The problem:
Each entry must be given again exactly; images do not belong in the copy.

• • • •

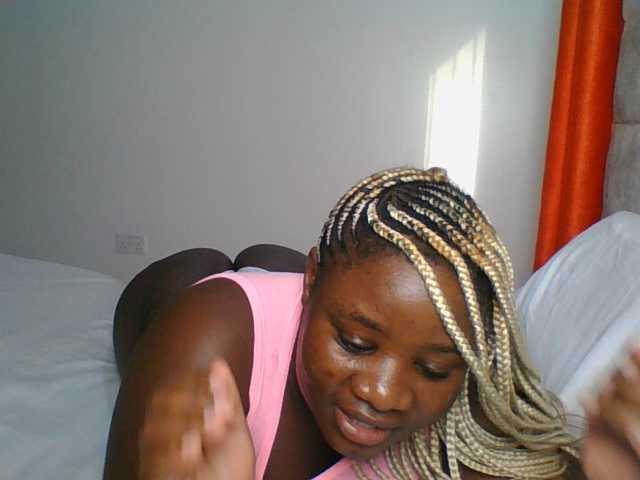 Citygirl77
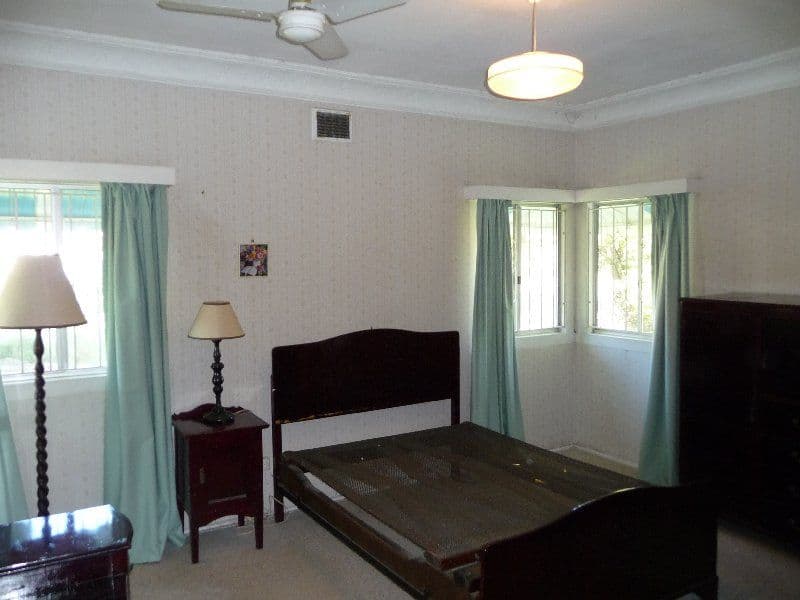 BANYO QLD 4014, Banyo - Thumbnail 6
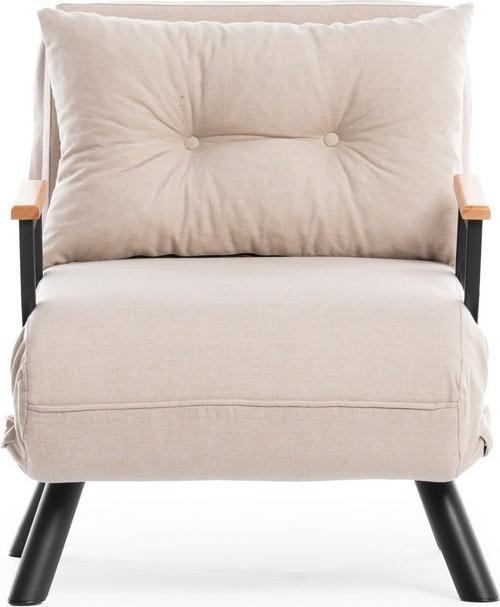 Produktbild Atelier del Sofa Sando (1-Sitzer)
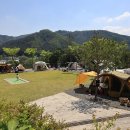 덕이네 펜션&캠핑 티스토리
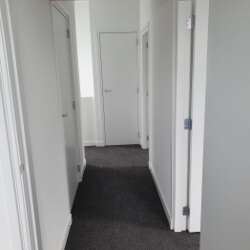 Foto #1 Appartement Rootven Moergestel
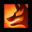 Fox's Fury.png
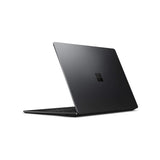 Microsoft Surface Laptop 3 – 13.5 inch Touch-Screen – Ryzen 5 - 16GB RAM - 512GB SSD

• • • •

Answer to this task:
 Citygirl77
 BANYO QLD 4014, Banyo - Thumbnail 6
 Produktbild Atelier del Sofa Sando (1-Sitzer)
 덕이네 펜션&캠핑 티스토리
 Foto #1 Appartement Rootven Moergestel
 Fox's Fury.png
 Microsoft Surface Laptop 3 – 13.5 inch Touch-Screen – Ryzen 5 - 16GB RAM - 512GB SSD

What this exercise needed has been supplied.